● WHAT TO WORK ON: When you repeat the listing below, keep every word exactly and leave out each picture.

● COLLECTED MATERIAL:
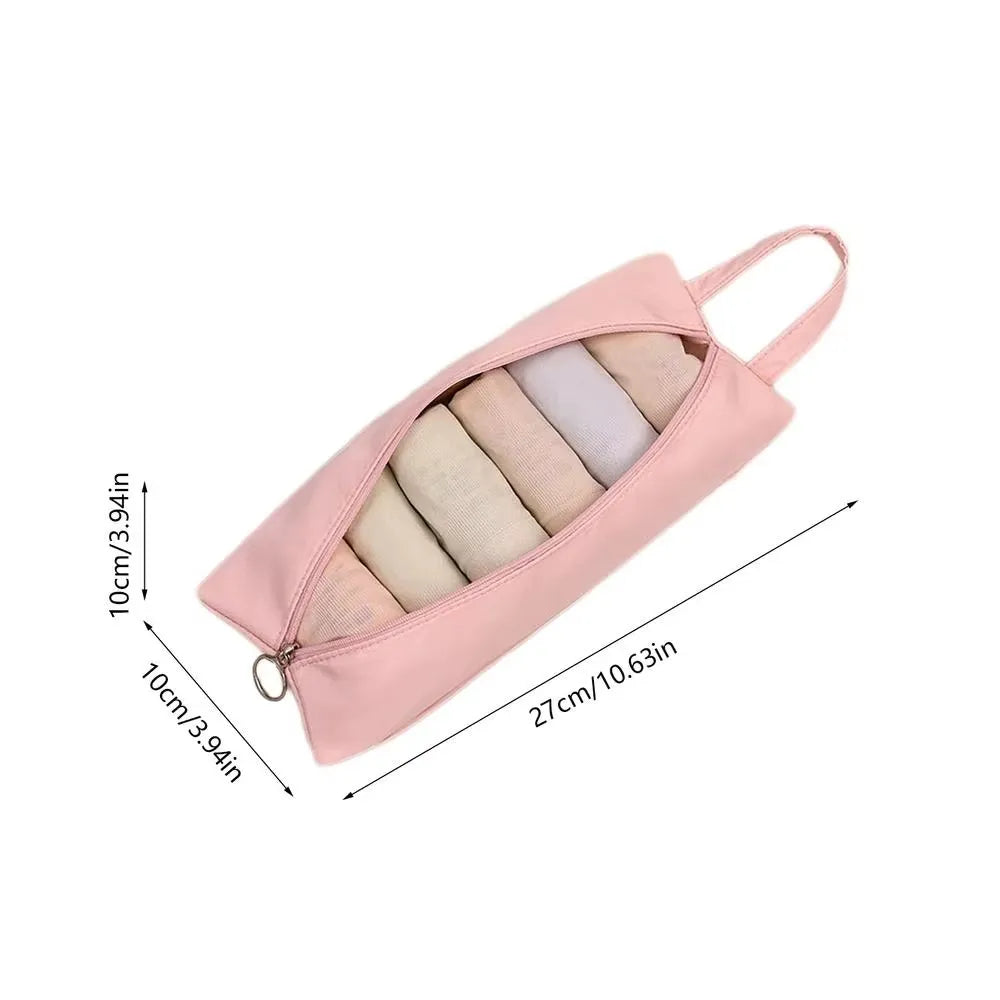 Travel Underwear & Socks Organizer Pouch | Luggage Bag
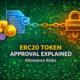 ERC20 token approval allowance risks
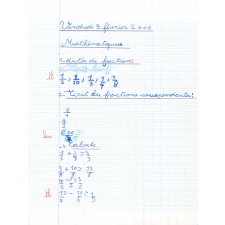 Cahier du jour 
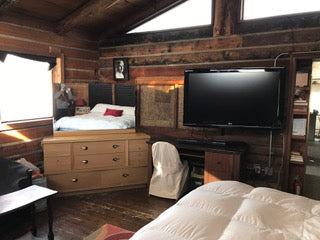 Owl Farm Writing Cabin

● RESULT OF THIS EXERCISE:
 Travel Underwear & Socks Organizer Pouch | Luggage Bag
 ERC20 token approval allowance risks
 Cahier du jour 
 Owl Farm Writing Cabin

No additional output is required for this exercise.